My God, why have you forsaken me? (part 2)

A man was visiting a retirement community with his friend. As they walked past a meeting room, they could see a group of seniors gathered in a circle, enjoying each other’s company. One person would call out a number, and everyone would laugh. Then another person would call out another number, and again, the group would laugh.

This happened repeatedly until one gentleman called out “Thirty-seven!” The room remained awkwardly silent for a few moments. Then another number was called and the merriment resumed.

“What was that all about?” the man asked his friend.

“Oh, that,” he replied. “These folks have told each other the same old jokes over and over again — so many times that they decided to number them. Now all they have to do is say the number.”

“But what about the guy who shouted out ‘thirty-seven’? Why didn’t anyone laugh?”

“Him? That’s Tony. Poor Tony never could tell a joke.”

***

Perhaps you’ve heard that one before, or some version of it? If so, you already knew the punchline, where the story was headed.

Then imagine with me, if you will, that when Jesus cried out, “My God, my God, why have you forsaken me?” — a direct quotation of the first words of Psalm 22 — it was akin to calling out “Twenty-two!” His anguish was real, and the words fitting. But the words stand in for the whole psalm, a well-known bit of liturgy that led worshippers back and forth between despair and hope, and finally, to an all-encompassing vision of praise.

Across the four gospels, the stories of Jesus’ suffering during Holy Week make several references to the Old Testament. And no text is alluded to more often than Psalm 22. Indeed, it’s nearly impossible for a Christian to read that Psalm without thinking about Jesus’ crucifixion. We read the psalm, in other words, through the lenses of the gospels, and take the psalm as messianic prophecy.

True enough. But here’s the other side: for many who first heard or read the gospels after they were written, Psalm 22 was the text they already knew — the song they had sung in worship, the words they had prayed. Their inclination would not have been simply to read the psalm in terms of the story of Jesus, but to read the story of Jesus in terms of the psalm.

Read Psalm 22. Think of it not as a page ripped from the psalmist’s personal diary, but as a piece written for the purpose of corporate worship. Suffering — physical, psychological, and spiritual — is described in graphic but general terms. At the core is the sense that trouble is near, but God is far away. Three times the psalmist cries out in anguish (vss. 1-2; 6-8; 12-18), and the cries become more intense, until death itself seems imminent.

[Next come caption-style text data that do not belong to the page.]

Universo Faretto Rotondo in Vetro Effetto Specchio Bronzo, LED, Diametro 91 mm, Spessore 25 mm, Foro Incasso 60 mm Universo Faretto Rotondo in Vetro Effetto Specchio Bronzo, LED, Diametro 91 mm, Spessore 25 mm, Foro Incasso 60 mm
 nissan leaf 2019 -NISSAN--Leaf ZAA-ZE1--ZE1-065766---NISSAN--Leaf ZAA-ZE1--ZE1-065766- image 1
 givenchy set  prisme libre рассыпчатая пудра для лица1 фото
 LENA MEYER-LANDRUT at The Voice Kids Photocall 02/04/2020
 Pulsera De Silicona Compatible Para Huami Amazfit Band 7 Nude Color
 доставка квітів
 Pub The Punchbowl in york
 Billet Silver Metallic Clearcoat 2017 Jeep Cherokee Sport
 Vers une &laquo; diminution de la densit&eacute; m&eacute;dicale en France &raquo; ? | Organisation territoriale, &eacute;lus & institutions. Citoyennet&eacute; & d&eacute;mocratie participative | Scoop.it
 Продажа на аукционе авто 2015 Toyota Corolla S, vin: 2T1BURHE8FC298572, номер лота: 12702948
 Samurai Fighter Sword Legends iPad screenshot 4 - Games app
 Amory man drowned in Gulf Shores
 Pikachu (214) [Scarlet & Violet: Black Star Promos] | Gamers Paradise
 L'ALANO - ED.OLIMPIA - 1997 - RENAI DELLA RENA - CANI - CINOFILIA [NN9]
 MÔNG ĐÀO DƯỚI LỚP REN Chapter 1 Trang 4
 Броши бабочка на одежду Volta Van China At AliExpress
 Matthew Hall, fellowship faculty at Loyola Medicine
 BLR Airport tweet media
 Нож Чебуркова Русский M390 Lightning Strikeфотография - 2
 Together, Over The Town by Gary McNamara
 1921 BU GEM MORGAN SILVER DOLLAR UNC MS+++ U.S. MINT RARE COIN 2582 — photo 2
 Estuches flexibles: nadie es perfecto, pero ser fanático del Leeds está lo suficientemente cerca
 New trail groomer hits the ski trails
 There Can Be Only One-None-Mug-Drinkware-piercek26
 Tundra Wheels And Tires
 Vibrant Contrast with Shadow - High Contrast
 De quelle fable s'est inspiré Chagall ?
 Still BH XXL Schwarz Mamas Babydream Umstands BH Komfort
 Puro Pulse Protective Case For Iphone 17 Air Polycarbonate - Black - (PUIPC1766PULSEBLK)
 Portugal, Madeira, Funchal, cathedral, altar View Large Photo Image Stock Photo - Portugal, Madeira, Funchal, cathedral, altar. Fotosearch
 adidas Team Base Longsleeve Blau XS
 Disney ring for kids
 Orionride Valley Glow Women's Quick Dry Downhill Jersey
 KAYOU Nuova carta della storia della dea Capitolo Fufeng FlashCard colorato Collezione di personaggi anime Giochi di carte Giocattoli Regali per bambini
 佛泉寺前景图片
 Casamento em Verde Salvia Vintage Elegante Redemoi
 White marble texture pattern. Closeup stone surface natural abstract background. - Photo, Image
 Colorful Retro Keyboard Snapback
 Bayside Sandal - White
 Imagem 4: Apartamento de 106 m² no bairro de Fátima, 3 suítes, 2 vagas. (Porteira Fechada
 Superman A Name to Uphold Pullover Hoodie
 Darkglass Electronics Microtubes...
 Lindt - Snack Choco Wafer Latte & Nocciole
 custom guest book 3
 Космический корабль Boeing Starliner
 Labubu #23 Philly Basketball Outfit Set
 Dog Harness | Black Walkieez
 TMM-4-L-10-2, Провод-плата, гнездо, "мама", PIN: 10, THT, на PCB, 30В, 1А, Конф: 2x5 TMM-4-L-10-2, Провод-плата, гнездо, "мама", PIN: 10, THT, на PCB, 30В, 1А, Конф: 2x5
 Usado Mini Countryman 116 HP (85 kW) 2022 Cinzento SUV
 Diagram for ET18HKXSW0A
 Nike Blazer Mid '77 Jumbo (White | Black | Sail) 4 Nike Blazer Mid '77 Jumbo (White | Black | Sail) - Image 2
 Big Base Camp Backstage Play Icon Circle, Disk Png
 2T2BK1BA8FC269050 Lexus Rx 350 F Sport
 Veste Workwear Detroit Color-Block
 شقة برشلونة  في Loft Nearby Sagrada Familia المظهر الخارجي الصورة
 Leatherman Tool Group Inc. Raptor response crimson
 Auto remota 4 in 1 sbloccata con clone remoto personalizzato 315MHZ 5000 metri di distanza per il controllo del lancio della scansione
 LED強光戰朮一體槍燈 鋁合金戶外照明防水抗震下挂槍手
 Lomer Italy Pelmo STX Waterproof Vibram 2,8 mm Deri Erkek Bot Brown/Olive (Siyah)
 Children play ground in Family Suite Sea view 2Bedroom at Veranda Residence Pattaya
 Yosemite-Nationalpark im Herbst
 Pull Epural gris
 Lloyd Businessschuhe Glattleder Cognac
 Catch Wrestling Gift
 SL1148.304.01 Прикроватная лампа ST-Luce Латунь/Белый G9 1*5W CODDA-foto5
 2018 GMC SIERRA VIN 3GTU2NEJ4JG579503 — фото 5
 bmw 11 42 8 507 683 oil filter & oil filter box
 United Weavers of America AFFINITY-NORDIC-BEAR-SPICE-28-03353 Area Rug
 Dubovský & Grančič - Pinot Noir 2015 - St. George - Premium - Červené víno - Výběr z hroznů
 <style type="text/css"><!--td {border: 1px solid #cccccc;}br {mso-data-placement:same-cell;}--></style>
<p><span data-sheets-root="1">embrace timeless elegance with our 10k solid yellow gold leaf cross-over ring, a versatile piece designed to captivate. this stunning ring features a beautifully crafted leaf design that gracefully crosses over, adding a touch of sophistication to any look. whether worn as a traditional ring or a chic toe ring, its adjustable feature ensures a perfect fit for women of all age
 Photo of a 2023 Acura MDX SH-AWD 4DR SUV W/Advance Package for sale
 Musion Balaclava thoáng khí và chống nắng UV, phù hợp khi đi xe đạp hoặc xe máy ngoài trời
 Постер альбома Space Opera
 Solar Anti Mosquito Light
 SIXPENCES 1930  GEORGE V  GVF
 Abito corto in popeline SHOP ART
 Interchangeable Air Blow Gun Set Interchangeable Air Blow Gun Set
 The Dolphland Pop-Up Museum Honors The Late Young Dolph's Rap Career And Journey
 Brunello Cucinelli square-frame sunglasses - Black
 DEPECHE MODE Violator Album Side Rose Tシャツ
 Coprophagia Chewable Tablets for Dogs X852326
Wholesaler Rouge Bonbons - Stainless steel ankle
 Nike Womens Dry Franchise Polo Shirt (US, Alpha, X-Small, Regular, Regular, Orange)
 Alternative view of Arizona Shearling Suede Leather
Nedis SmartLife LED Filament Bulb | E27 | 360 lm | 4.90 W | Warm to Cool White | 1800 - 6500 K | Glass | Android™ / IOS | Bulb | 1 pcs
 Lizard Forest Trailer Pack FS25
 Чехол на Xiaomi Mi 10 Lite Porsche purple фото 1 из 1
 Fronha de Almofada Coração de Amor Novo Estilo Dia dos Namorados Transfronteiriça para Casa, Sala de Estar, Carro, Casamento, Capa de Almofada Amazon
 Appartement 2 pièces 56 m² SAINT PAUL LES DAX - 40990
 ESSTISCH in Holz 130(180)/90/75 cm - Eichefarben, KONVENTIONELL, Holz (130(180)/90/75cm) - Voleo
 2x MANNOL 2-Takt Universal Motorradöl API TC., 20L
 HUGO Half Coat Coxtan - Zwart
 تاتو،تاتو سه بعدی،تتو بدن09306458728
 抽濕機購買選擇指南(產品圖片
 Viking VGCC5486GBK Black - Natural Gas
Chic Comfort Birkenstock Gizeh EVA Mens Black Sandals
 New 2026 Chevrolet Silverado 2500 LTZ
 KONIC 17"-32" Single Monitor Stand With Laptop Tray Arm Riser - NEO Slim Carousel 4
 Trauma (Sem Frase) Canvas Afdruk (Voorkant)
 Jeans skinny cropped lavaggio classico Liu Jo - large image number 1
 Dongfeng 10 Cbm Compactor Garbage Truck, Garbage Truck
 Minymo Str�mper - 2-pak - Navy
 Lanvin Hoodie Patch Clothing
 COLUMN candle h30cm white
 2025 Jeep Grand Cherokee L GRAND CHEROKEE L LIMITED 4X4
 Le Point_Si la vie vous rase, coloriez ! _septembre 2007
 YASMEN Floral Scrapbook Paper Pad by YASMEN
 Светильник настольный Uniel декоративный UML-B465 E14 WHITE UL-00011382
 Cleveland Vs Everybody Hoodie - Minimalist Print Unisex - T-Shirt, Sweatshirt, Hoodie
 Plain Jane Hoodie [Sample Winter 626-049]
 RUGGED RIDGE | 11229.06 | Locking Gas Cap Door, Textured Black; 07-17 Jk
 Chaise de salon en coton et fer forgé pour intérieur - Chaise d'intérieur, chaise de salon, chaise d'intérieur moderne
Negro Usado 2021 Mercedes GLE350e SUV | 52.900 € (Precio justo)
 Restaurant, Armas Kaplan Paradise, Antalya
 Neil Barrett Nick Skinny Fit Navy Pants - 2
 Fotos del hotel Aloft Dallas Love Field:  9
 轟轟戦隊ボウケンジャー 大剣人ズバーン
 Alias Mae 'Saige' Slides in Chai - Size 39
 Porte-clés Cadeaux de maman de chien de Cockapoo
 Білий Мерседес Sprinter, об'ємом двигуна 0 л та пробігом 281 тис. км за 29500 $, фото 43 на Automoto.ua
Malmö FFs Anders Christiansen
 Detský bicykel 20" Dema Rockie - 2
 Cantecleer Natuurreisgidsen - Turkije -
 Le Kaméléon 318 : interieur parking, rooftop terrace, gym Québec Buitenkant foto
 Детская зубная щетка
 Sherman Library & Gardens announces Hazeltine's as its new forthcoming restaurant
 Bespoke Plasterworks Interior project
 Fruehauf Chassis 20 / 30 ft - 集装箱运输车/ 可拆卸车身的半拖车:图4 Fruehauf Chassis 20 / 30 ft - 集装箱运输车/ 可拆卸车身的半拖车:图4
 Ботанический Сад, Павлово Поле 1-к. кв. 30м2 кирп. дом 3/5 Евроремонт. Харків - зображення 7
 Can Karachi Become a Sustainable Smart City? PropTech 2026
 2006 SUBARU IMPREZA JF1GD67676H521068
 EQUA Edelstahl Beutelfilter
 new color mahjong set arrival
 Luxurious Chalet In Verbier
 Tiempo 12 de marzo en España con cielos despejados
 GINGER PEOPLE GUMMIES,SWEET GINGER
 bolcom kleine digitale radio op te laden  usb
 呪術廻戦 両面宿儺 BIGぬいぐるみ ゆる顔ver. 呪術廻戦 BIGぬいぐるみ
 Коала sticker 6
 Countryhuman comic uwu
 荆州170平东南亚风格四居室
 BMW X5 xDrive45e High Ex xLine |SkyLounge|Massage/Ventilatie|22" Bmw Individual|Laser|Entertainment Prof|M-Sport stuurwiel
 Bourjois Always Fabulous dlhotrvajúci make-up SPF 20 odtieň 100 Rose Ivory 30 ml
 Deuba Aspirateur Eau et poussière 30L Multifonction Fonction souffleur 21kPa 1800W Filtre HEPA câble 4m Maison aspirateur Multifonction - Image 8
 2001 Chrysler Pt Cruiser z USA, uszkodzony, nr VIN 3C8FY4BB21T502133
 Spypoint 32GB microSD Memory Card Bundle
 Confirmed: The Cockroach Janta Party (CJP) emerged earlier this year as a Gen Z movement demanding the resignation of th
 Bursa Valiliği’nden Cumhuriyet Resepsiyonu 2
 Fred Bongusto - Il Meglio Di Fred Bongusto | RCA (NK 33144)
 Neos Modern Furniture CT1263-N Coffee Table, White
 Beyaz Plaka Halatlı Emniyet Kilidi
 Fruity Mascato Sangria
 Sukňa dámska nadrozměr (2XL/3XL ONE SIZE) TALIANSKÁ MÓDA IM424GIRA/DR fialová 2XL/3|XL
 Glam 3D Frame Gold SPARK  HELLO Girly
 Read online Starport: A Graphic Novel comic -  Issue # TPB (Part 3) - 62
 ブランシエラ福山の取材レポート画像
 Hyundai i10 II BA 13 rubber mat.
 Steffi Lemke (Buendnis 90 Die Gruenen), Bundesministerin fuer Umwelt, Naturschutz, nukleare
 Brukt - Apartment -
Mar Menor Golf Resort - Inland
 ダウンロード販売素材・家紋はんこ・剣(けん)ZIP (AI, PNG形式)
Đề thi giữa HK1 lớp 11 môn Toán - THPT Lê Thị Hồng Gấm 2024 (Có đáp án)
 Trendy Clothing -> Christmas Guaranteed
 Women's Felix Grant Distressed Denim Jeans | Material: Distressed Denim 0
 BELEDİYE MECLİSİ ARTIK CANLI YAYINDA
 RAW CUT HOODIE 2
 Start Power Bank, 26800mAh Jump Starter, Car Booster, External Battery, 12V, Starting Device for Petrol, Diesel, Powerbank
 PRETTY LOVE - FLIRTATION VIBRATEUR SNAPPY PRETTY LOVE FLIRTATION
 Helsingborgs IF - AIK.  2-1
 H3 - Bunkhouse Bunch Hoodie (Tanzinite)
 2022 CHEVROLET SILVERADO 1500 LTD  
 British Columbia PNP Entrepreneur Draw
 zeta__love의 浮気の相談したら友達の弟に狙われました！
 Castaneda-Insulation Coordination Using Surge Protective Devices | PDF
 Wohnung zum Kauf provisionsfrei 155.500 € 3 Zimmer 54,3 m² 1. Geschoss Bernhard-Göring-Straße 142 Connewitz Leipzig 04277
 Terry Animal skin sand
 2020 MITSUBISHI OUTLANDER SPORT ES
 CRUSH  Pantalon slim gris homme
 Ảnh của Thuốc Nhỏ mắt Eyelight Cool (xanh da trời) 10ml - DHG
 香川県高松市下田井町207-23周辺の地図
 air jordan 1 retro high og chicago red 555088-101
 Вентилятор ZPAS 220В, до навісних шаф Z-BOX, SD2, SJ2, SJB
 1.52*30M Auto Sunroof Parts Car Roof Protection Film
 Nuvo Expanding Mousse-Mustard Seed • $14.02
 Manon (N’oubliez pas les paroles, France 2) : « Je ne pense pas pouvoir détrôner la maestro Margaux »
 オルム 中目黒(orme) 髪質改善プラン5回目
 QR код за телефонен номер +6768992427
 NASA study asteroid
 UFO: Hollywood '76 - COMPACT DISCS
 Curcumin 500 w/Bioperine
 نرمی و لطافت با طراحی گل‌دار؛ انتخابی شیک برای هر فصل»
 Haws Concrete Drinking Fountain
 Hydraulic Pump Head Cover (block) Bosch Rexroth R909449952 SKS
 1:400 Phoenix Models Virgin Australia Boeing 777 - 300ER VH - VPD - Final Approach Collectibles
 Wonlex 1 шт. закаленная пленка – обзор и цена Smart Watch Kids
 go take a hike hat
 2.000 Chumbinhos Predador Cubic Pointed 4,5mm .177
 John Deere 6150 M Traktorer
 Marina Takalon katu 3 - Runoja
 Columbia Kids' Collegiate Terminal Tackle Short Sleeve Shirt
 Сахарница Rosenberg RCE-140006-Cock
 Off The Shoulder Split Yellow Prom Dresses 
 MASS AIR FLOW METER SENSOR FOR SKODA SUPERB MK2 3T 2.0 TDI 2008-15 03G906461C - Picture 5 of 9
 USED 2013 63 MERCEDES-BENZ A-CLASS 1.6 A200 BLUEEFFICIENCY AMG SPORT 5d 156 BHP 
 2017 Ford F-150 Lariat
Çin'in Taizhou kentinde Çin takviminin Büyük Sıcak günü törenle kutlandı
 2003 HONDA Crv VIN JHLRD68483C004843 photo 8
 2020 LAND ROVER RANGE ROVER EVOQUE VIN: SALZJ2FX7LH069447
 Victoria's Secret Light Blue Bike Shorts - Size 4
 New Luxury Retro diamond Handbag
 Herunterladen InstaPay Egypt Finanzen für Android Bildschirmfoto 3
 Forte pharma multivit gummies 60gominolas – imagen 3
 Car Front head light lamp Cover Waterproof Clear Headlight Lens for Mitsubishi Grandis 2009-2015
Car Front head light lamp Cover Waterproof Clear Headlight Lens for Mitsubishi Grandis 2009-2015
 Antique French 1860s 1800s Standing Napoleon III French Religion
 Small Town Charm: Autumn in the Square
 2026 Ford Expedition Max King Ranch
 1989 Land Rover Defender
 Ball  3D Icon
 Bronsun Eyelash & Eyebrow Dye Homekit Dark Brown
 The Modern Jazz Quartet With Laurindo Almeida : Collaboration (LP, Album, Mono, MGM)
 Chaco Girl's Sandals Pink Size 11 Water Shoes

But each time, the lament is answered by a more hopeful movement, as the psalmist clings to the stories and memories of God’s past faithfulness. God is declared to be or portrayed as holy (vs. 3), a trustworthy deliverer (vss. 4-5), a father (vs.. 9-10), and the psalmist’s strength (vs. 19).

And then, suddenly, the psalmist shifts to praise:

I will tell of your name to my brothers and sisters;
in the midst of the congregation I will praise you:
You who fear the Lord, praise him!
All you offspring of Jacob, glorify him;
stand in awe of him, all you offspring of Israel!
For he did not despise or abhor
the affliction of the afflicted;
he did not hide his face from me,
but heard when I cried to him. (vss. 22-24, NRSV)

God has answered. The psalmist has been delivered and sings God’s praises to the faithful. Like ripples in a pond, the praise moves outward, from the individual’s worship to the congregation’s, to all the nations (vss. 27-28), and even to future generations (vss. 30-31). No one is excluded from the reach of the psalmist’s praise.

What does that mean for us?

Because Jesus, as the one who bore our humanity on the cross, called out this psalm, we are invited to participate in it ourselves– in all our suffering and desperation, our loneliness, our struggle to remember and believe in God’s trustworthiness. It’s not simply about believing that God will rescue us in some particular way that we wish, but remembering that we are part of the ongoing story of the God who does indeed hear the cries of the afflicted.

And just as important: this memory must be communal. The worshipping community is the repository of the memory, the steward of the stories. Individuals may feel isolated and alone in their anguish. They need to know that there is a community of the faithful who can bear that anguish even while encouraging hope. And when the sufferer is finally able to praise, that praise should encourage the community in turn.

“Twenty-two!” May our imaginations be so shaped by the psalm that we are able to find hope even as we bear our own crosses.